If you are counting columns then you can enforce no spaces between >> for
the operator with a semantic predicate.  Otherwise you could have a
different token based on what preceded it by maintaining some state in your
lexer.  CGT if the > was preceded immediately by >.  Just GT otherwise.  I
haven't thought that one through.  The operator would be GT CGT or GT CGT
CGT.  A generic end token could be GT or CGT.

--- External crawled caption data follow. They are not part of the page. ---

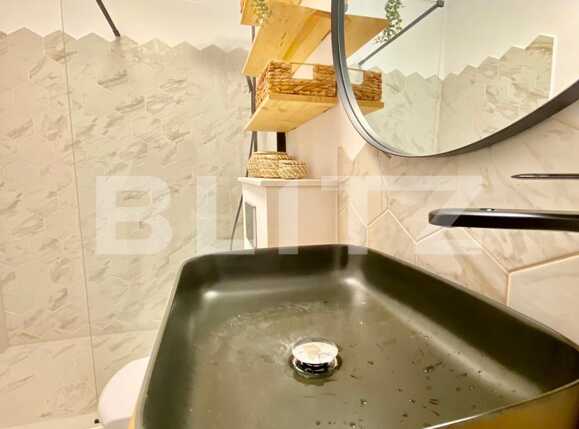 Apartament de închiriat 3 camere Marasti - 57169AI | BLITZ Cluj-Napoca | Poza16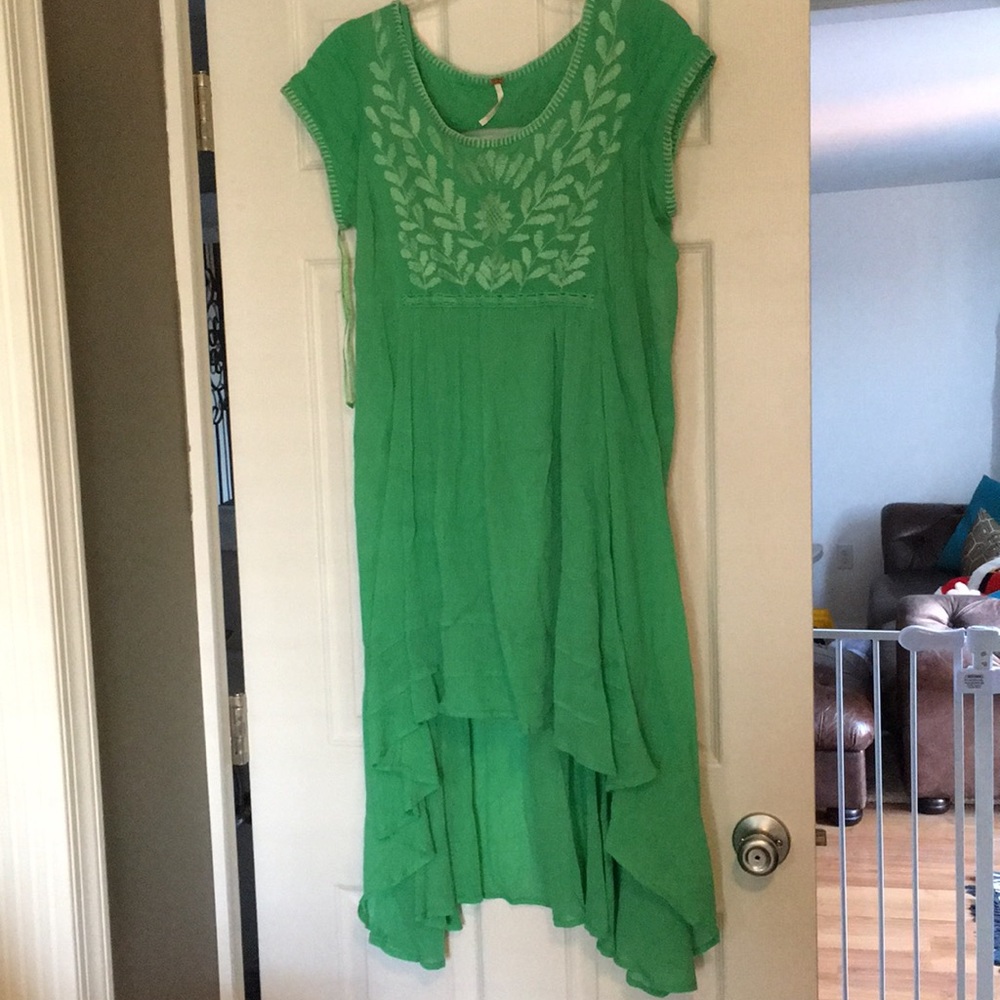 Free People Dress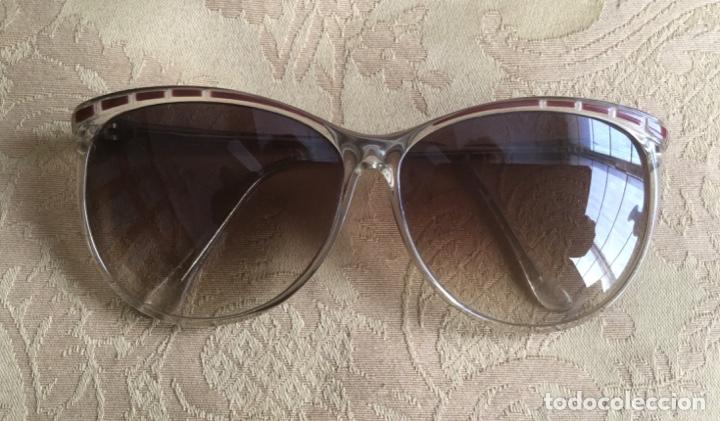 Vintage: GAFAS VINTAGE DE SOL - Foto 3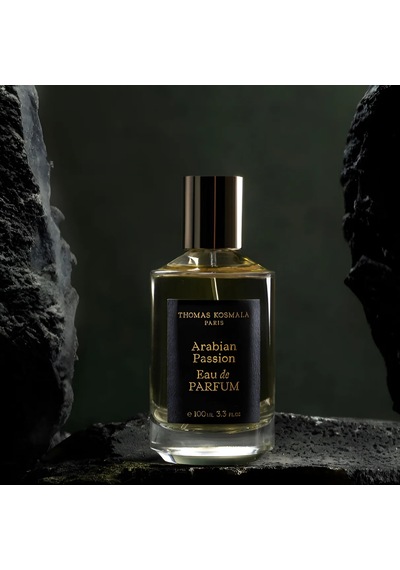 Arabian Passion Edp 100ml Diğer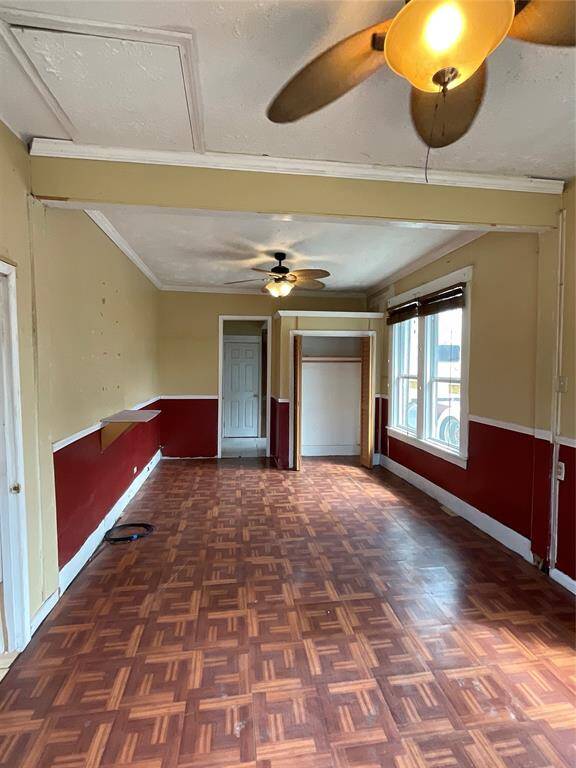 Primary Bedroom.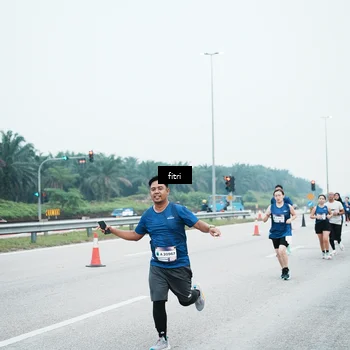 Runner Photo 7496516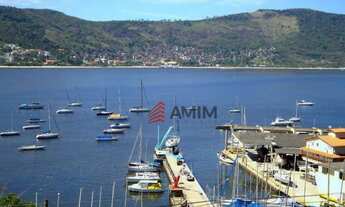 Imagem 5: Terreno à venda, 645 m² por R$ 1.000.000,00 - São Francisco - Niterói/RJ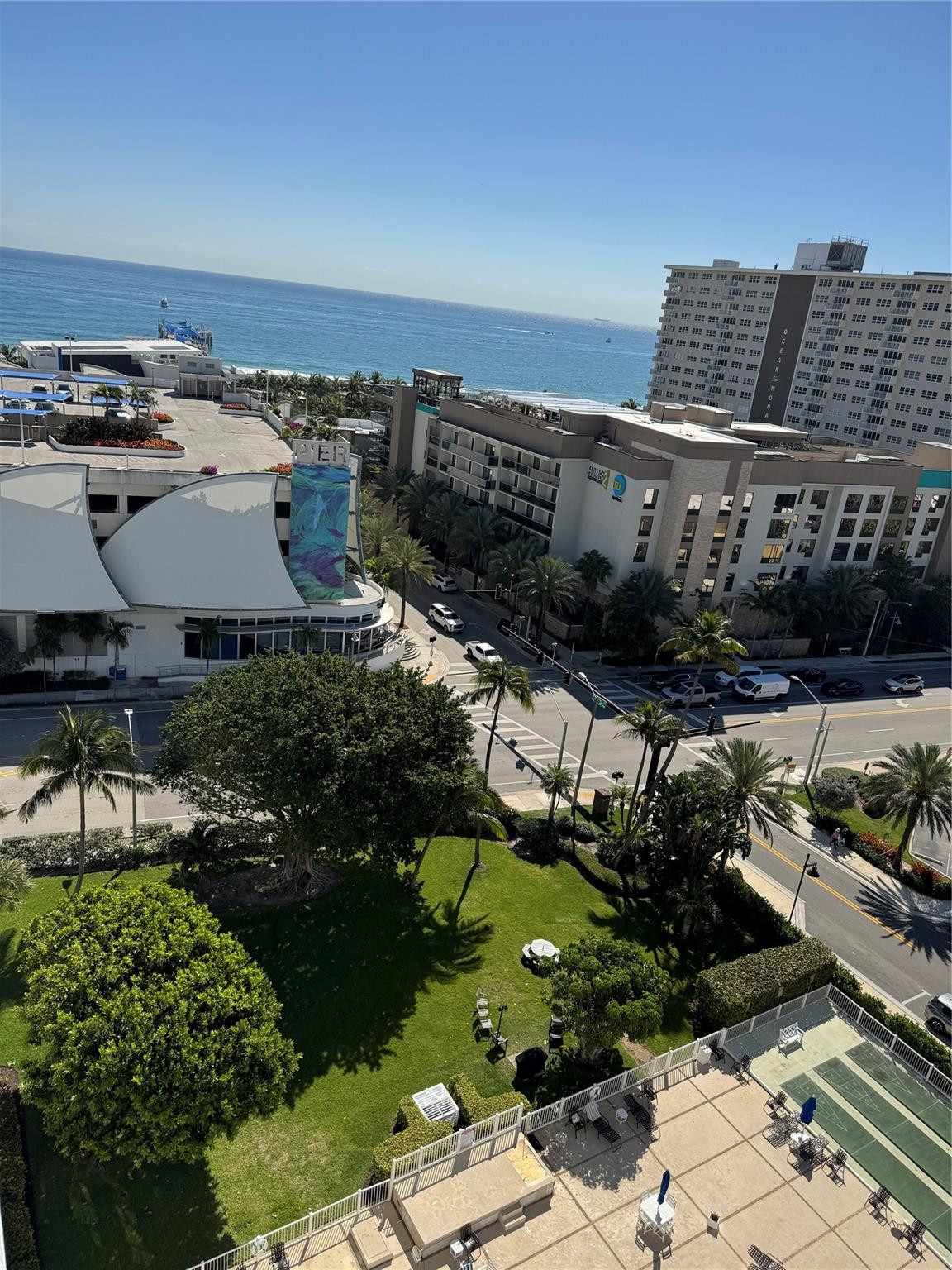 201 N Ocean Boulevard Ph1 Property Photo 11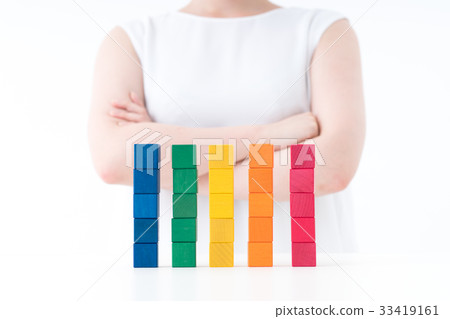 年輕的女士 33419161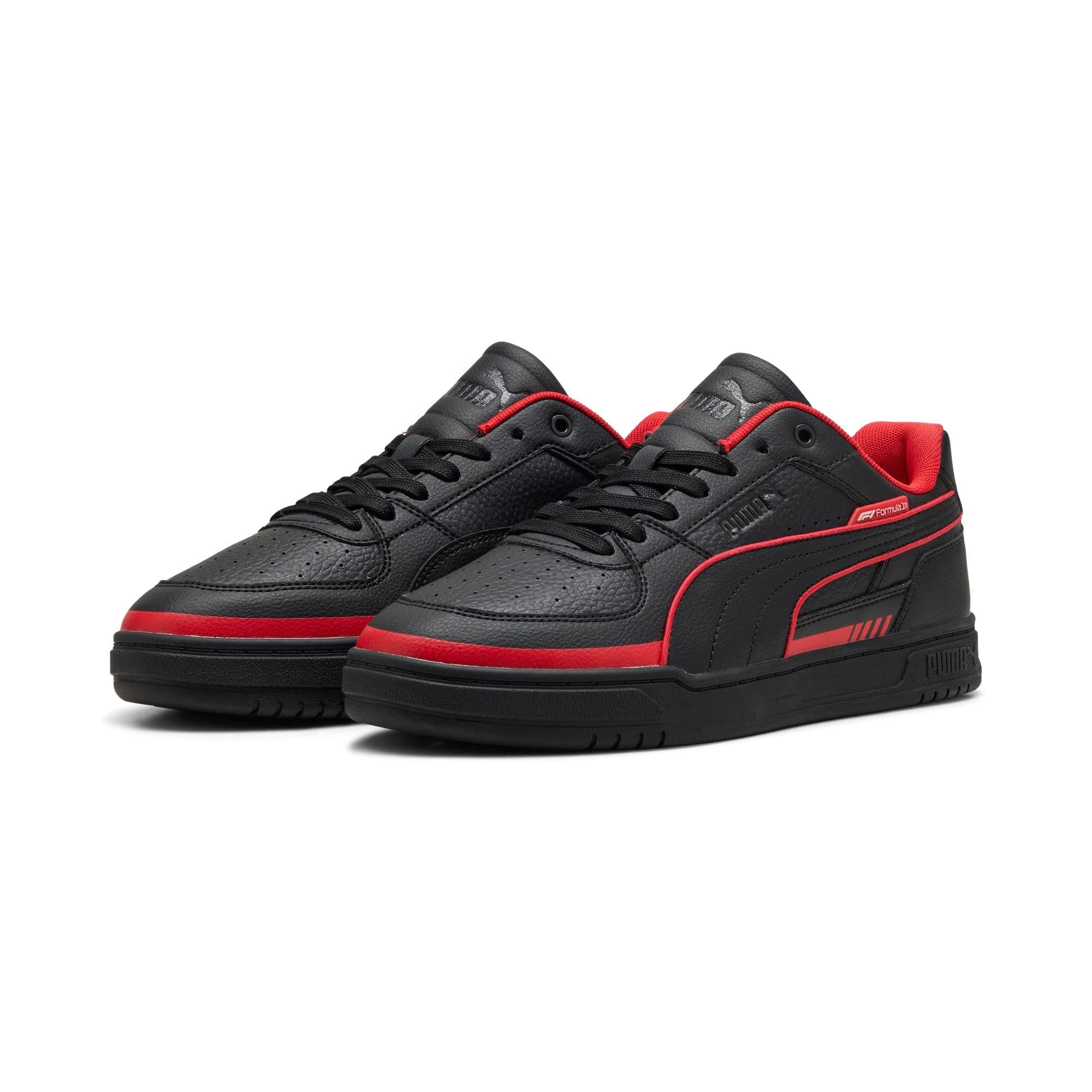 F1 Caven III Spor AyakkabıUnisex Yetişkin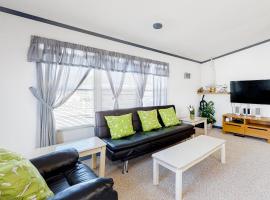 Assateague Point - Bay Breeze, hotel v mestu Berlin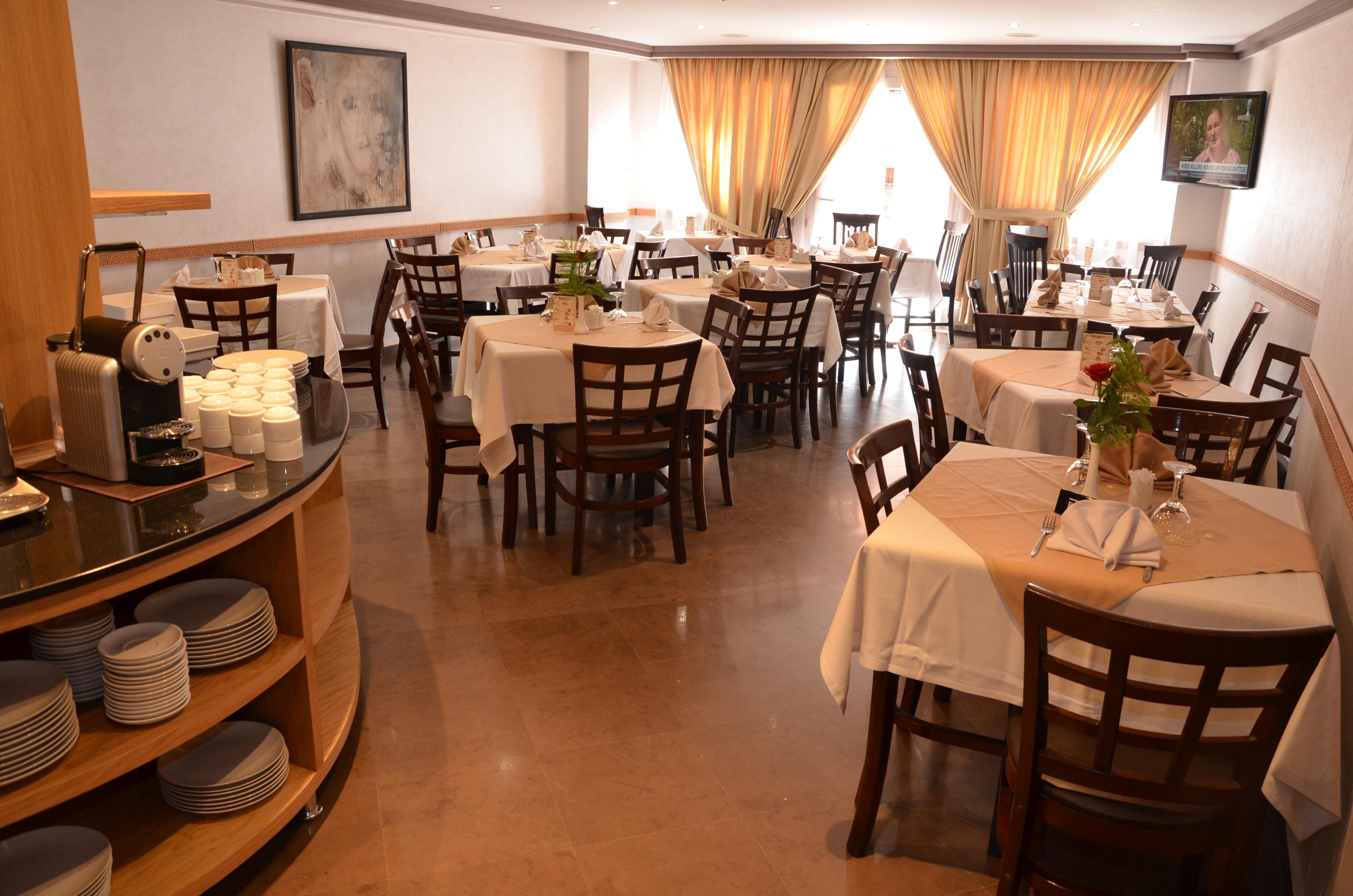 Hotel Almas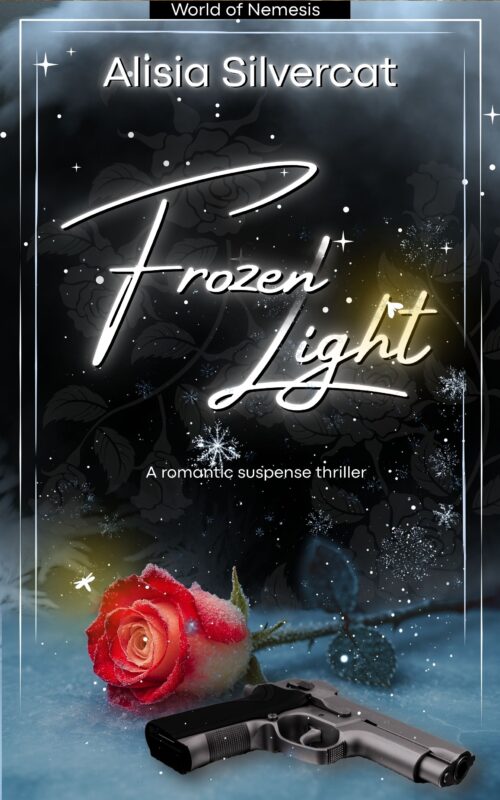 Frozen Light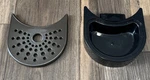 Starbucks Verismo K-fee Coffee Maker 18-598-BLSBC-US-40-0 Drip Tray & Grate Used. Price: $13.99.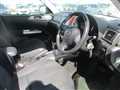 2008 Subaru Forester
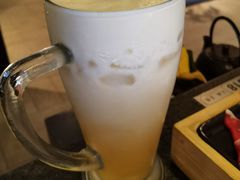 -湊湊火锅·茶憩(和平大悦城店)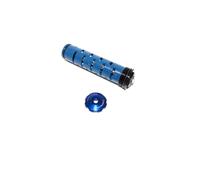 Rockshox Compres Mc Is Boxxer Rc Bleu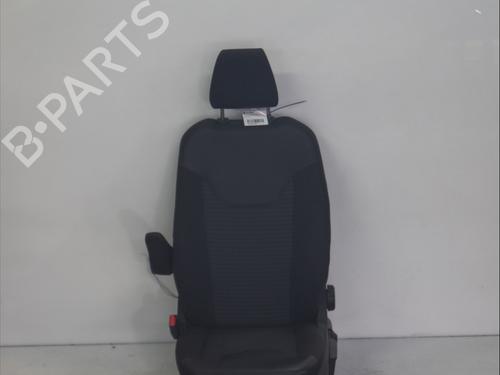Used Left front seat Left front seat FORD TOURNEO COURIER B460 MPV 1.5 TDCi (95 hp) 36496426 36496426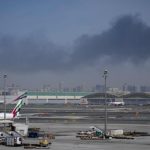 Στις φλόγες του μεγάλου πολέμου – Χτυπήματα του Ιράν σε 10 χώρες της Μέσης Ανατολής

The semantic predicate is a good possible approach.  You might need a way to
propagate the end matches up the parse stack.  It depends on how nested all
the rules for declarations are, I haven't inspected it so I'm not sure.  I'm
just thinking aloud here.

Try this for typeArgsEnd

typeArgsEnd:
(  //matching zero doesn't make sense
GT {ltCount-=1;}
| SR {ltCount-=2;}
| BSR {ltCount-=3;}
)
// if there are more, match some more
{ltCount > 0}=> typeArgsEnd
;

You know, I don't think that will work as sketched below.  It'll choke on
Map<List<Integer>,String>; because you aren't nesting your calls.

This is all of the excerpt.